The Director General said the exemption of the NPF from the CPS would result in the dismantling of the institutions, systems and processes that government had put in place in the last few years towards the implementation of the pension reform programme.
“Exemption of the personnel of the NPF would imply additional financial burden on the Federal Government by way of unsustainable pension obligations. For instance, as at September 2021, there were 304,963 Police personnel based on IPPIS data. An actuarial valuation revealed that the retirement benefits (pension and gratuity) liability of these personnel under the defunct Defined Benefits Scheme would amount to about N1.84 trillion,” she said.
On the other hand, she said that the liability under the CPS for the same NPF personnel is made up of N213.4 billion as accrued pension rights and monthly employer pension contributions of about N2.2 billion.
The Director General said to address the concerns of Police Personnel on pension, the employer can review upwards its current contribution rate of 10%.
In addition, she said the PRA 2014 further provides that notwithstanding the pension contributions made by employer and employee into the employee’s RSA, the employer may agree on the payment of additional benefits to the employee upon retirement.
“Accordingly, the Federal Government may wish to provide additional benefits in the form of gratuity to personnel of the NPF upon their retirement,” she said.

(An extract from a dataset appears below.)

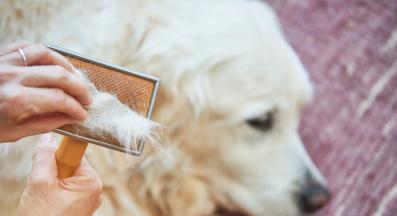 куче козина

Meanwhile, regarding the 75% lumpsum payment, she said the amendment, if approved, would be contrary to the provision of Section173 of the 1999 Constitution of the Federal Republic of Nigeria (as amended), which guarantees the right to pensions for all public officers as the payment of “at least 75% of the balance of the RSA” as lumpsum at retirement defeats the constitutional provision. She added that this will significantly deplete the pension savings such that the contributions will not be sufficient to provide meaningful pensions during retirement.

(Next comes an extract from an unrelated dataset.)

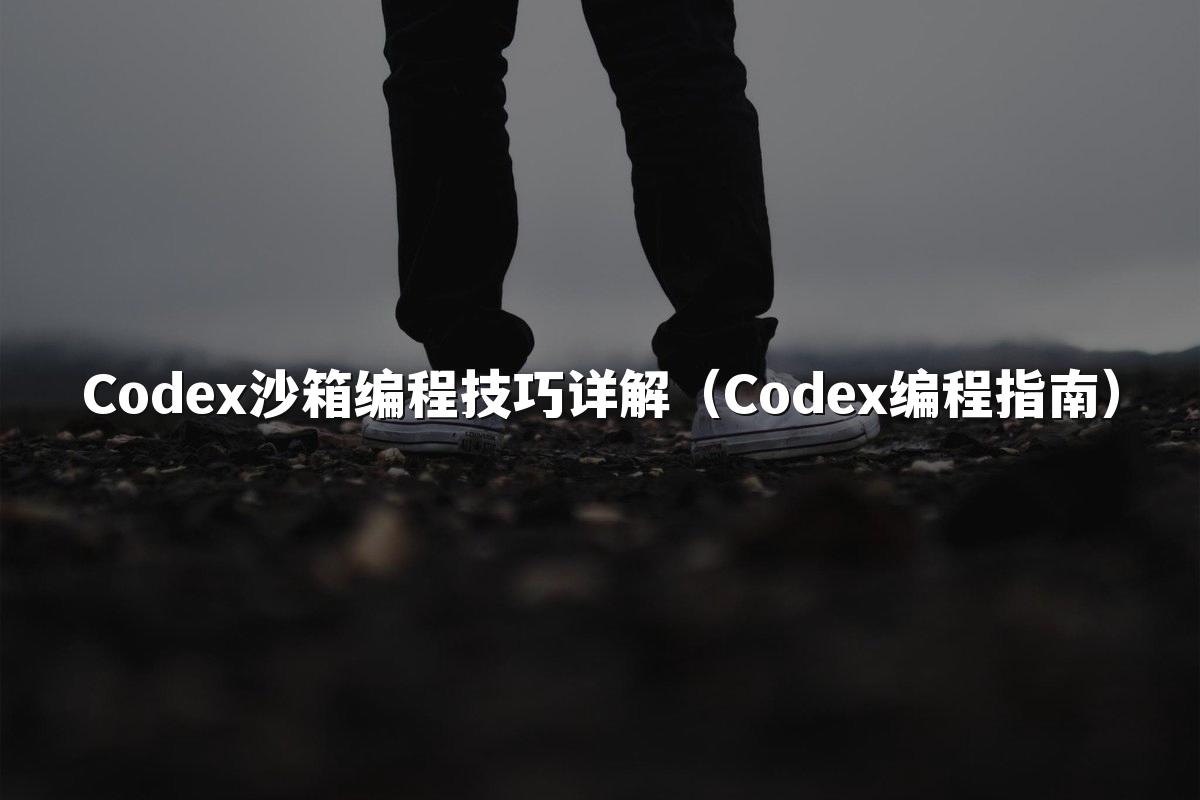 Codex沙箱编程技巧详解（Codex编程指南）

“That converts the pensions into a provident fund and leaves such a retiree with no periodic pensions, which is contrary to the requirement of Section 173 of the 1999 Constitution,” she said.
The Director General said the proposal is based on a misunderstanding of the concept of pension payment under the CPS.
Similarly, the Chief Executive Officer of the Pension Fund Operators Association of Nigeria (PENOP), Oguche Agudah, said the exemption of the Nigeria Police Force from the CPS would take Nigeria back to the dark ages before the pension reforms.
“This was a time when retirees had to depend on a defined benefit system; where the federal government paid monthly pensions to retirees directly from its coffers,” he said.
Agudah aid at the time of the reform, it was estimated that the Federal Government had a pension liability of over NGN 2 trillion.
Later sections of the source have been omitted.